START INFORMATION SHOWN

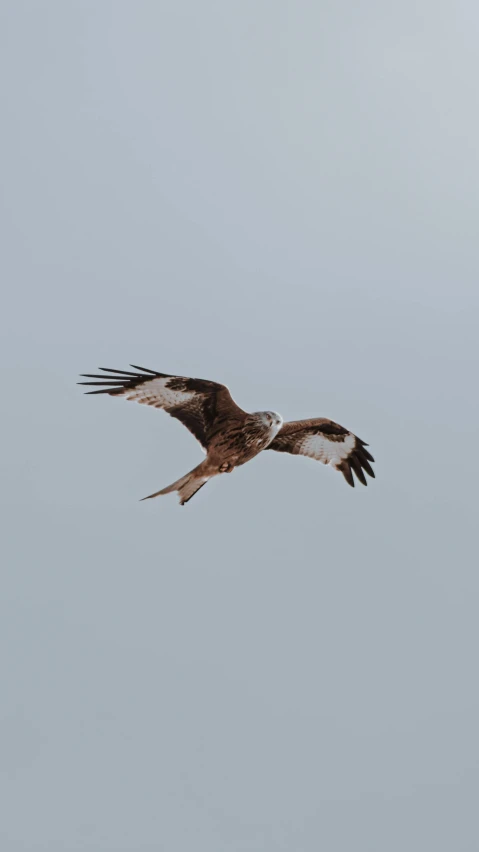 a bird that is flying in the sky, in scotland, high polygon, guide, museum quality photo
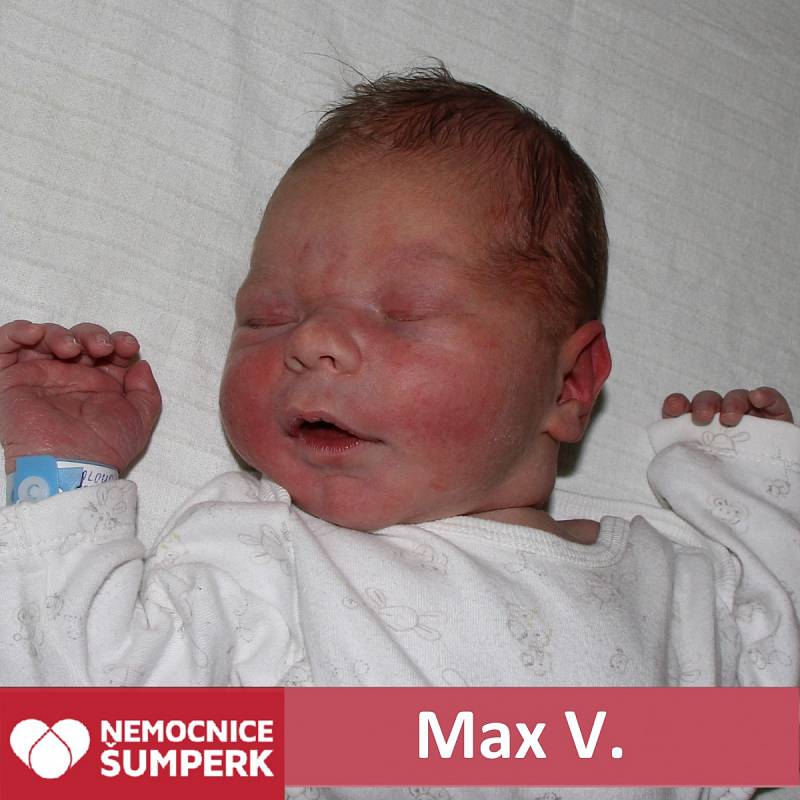 Max V., Mohelnice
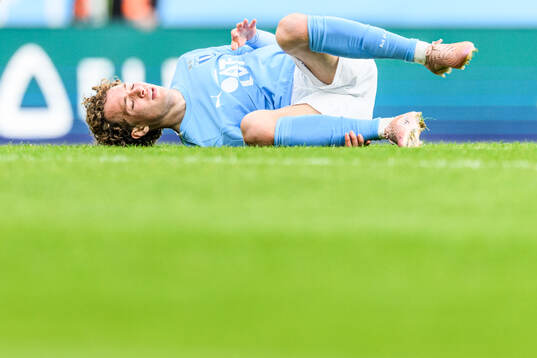 Malmö FFs Anton Höög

END INFORMATION SHOWN

TASK BRIEF: Go through the material above and repeat it exactly. Omit the pictures.

RESPONSE TO THE EXERCISE:
 a bird that is flying in the sky, in scotland, high polygon, guide, museum quality photo
 Max V., Mohelnice
 Malmö FFs Anton Höög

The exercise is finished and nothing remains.